Two days later, Hargis preached a farewell sermon to his Tulsa congregation, then turned the presidency of the college over to Noebel. But Hargis stayed around the campus for weeks before he officially severed ties with the Christian Crusade and allied groups. His resignation came only after the Hargis organizations had agreed to cash in their $72,000 life insurance policy on Hargis and give him the money, and had guaranteed him a $24,000 annual stipend. Meanwhile, Hargis announced that he was retiring to his Ozarks farm because of ill health.

On March 27, 2008, David Noebel and other staff members gave interviews interview to the Colorado Springs Independent which published the following exchange

Plans for the college fell apart after five students, four of them men, came forward alleging they had sex with Hargis. The story made national news in 1976, and Noebel says he hates to think about it, much less speak of it.

“Read it in Time magazine,” he says.

(In a recorded lecture, Noebel suggests the gay-sex scandal went far beyond Hargis’ actions. He declines to elaborate in an e-mail: “That history will never be written.”)

1977

– James Dobson airs his first Focus on the Family broadcast (March 26)

– American Christian College closes

-Billy James Hargis appears for a full hour enterview with Tom Snyder on Tomorrow with Tom Snyder (December 27, 1977)

1982

-Jan Markell launches Olive Tree Ministries

1983

– Jeff Myers attends The Summit

1984

– Billy James Hargis publishes “The Federal Reserve Scandal!”

1985

– Billy James Hargis publishes “My Greatest Mistake”

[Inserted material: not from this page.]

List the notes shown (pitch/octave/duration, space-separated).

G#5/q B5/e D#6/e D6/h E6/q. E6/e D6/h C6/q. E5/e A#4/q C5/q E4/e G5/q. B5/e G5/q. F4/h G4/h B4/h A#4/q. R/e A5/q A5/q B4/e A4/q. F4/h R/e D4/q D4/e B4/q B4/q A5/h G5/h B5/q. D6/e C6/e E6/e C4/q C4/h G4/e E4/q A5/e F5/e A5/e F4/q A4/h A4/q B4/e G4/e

Finishing my last rally in Cebu City, I took a comercial plane with my team, including Dr. Joseph, and flew to Manila. Ariving at the Manila airport, I could not believe my eyes because there in the baggage room, where you pick up your baggage, sat my business manger.

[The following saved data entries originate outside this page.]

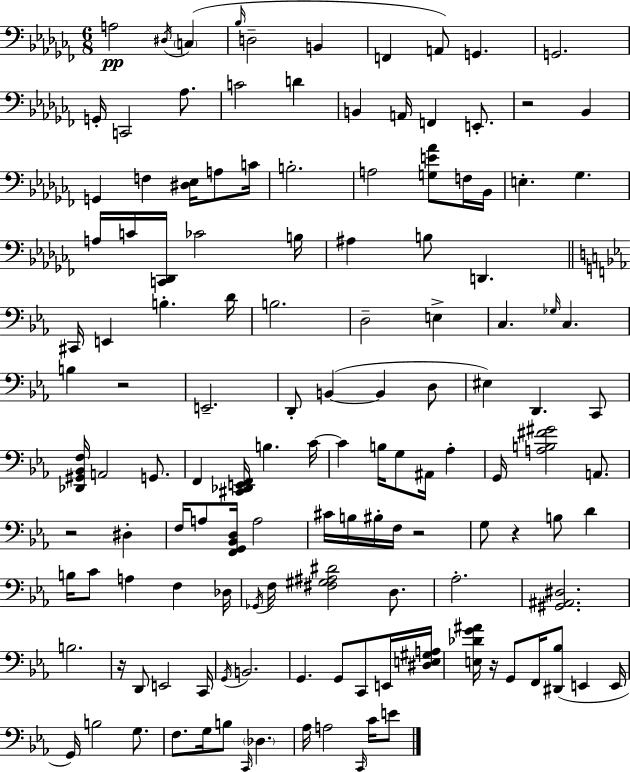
{
  \clef bass
  \numericTimeSignature
  \time 6/8
  \key aes \minor
  a2\pp \acciaccatura { dis16 } \parenthesize c4( | \grace { bes16 } d2-- b,4 | f,4 a,8) g,4. | g,2. | \break g,16-. c,2 aes8. | c'2 d'4 | b,4 a,16 f,4 e,8.-. | r2 bes,4 | \break g,4 f4 <dis ees>16 a8 | c'16 b2.-. | a2 <g e' aes'>8 | f16 bes,16 e4.-. ges4. | \break a16 c'16 <c, des,>16 ces'2 | b16 ais4 b8 d,4. | \bar "||" \break \key ees \major cis,16 e,4 b4.-. d'16 | b2. | d2-- e4-> | c4. \grace { ges16 } c4. | \break b4 r2 | e,2.-- | d,8-. b,4~(~ b,4 d8 | eis4) d,4. c,8 | \break <des, gis, bes, f>16 a,2 g,8. | f,4 <cis, des, e, f,>16 b4. | c'16~~ c'4 b16 g8 ais,16 aes4-. | g,16 <a b fis' gis'>2 a,8. | \break r2 dis4-. | f16 a8 <f, g, bes, d>16 a2 | cis'16 b16 bis16-. f16 r2 | g8 r4 b8 d'4 | \break b16 c'8 a4 f4 | des16 \acciaccatura { ges,16 } f16 <fis gis ais dis'>2 d8. | aes2.-. | <gis, ais, dis>2. | \break b2. | r16 d,8 e,2 | c,16 \acciaccatura { g,16 } b,2. | g,4. g,8 c,8 | \break e,16 <dis e gis a>16 <e des' g' ais'>16 r16 g,8 f,16 <dis, bes>8( e,4 | e,16 g,16) b2 | g8. f8. g16 b8 \grace { c,16 } \parenthesize des4. | aes16 a2 | \break \grace { c,16 } c'16 e'8 \bar "|."
} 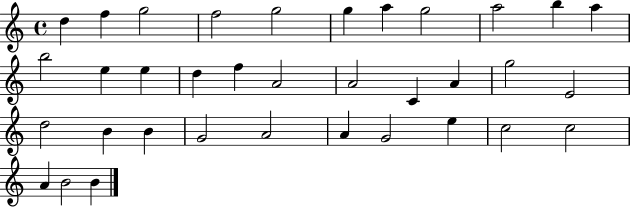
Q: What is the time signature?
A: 4/4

To say the least, I was shocked. He seemed friendly and cheerful enough but, after a few minutes of good news about the welfare of my family, he took me by the arm and led me away over to the corner in the baggage claim area to say, “Doc, I do have some bad news. You know I tried to warn you for years about some of the college staff. They want you out of the college as president You have been accursed of immorality. You better get home quickly and clean up the mess.”

I immediately flew home. Upon arrival, it was apparent that I couldn’t “clean up the mess.” There were people that apparently wanted the college more than I did. I was tired from the world tour. I had too much stress. I knew that I had not committed adultery with a student. Furthermore, I was not a homosexual as some were saying. Indeed, it was a mess. I was told by advisers, like my doctor, to quit now so I could avoid a heart attack and live. Even my hyper-Calvinist opponents said if I would resign as college president, I could still be active in the school as chairman of the board.

Maybe if I had it all to do over, I would have bowed my neck and cleaned house. But, I really felt I had lost the loyalty of many students and if I did stay, the college would be destroyed by doctrinal and personality splits. I felt by resigning as head of the college, I would save the college. I was wrong on that point too. (p. 98)

1987

– Ryan Dobson Attends the Summit

1989

– David Noebel goes on Focus the Family radio program with Dr. James Dobson

On March 27, 2008, David Noebel and other staff members gave interviews interview to the Colorado Springs Independent which published the following exchange

Summit struggled after the scandal, Noebel says, but finally got a boost of support in 1989 after Focus on the Family’s James Dobson sent his son through the program and then endorsed it.

“It just exploded after that,” Noebel says.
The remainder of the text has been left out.